The US Mint normally made arrangements for persons connected with a new coin, or who had a compelling interest in new coins, to purchase examples. This could be done during initial annual production (as with the Director or Sec Treasury), or at a formal ceremonial striking as with the Kennedy halves. There was, and is, nothing illegal or under-the-table about this - it is a common courtesy. A similar situation was offered Denver Mint employees at first release of 1964-D halves - each could buy 2 new halves on the first release date. Philadelphia Mint did the same, and a bag was delivered to Treasury for a similar purpose. Smithsonian got coins from new dies in a similar manner whether direct from each mint for via the Director's office.
The who point is that these were not special coins made for special people, or from some secret purpose or test. The hyped "SMS" coins are nothing but normal pieces, from normal dies, made on normal equipment, for normal purposes. The ignorance that led to calling these (or some other coins) "special" lies in the failure of some to research, learn and understand how and why coins appear as they do. (Some will recall that only a few years ago it was believed that new dies were polished and that accounted for PL Morgans and other denominations. I did the research and digging in records to understand what was really done. Now we understand, correctly, that PL coins come from dies polished during repair and touch-up as part of normal production.)

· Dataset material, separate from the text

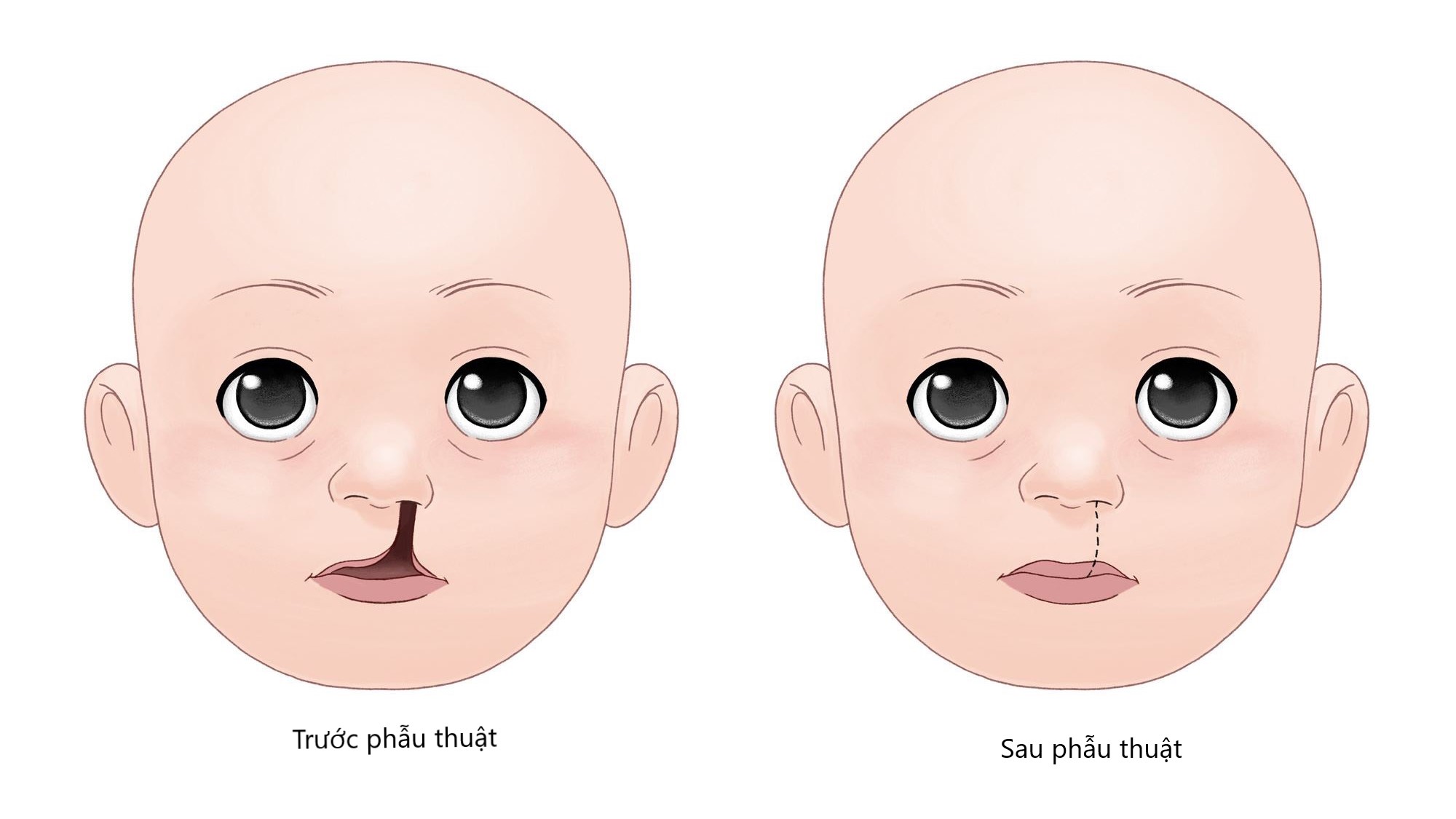 Phẫu thuật tạo hình sớm cho trẻ khe hở môi- vòm miệng ở Bệnh viện Trường Đại học Y Dược Huế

One cannot slap "special" or "specimen" or some other title in a coin arbitrarily - it MUST be proven. That demands understanding the processes, equipment, methodology and operational standards of U.S. Mint production and management, along with the range of appearance generated by normal die use. (Many readily accept Early, Middle, and Late die states, yet fail to apply the concept to Initial and Terminal die states.)
Frankly, I feel I'm talking past the dollar signs; the truth is just too inconvenient and costly for the hobby business to admit.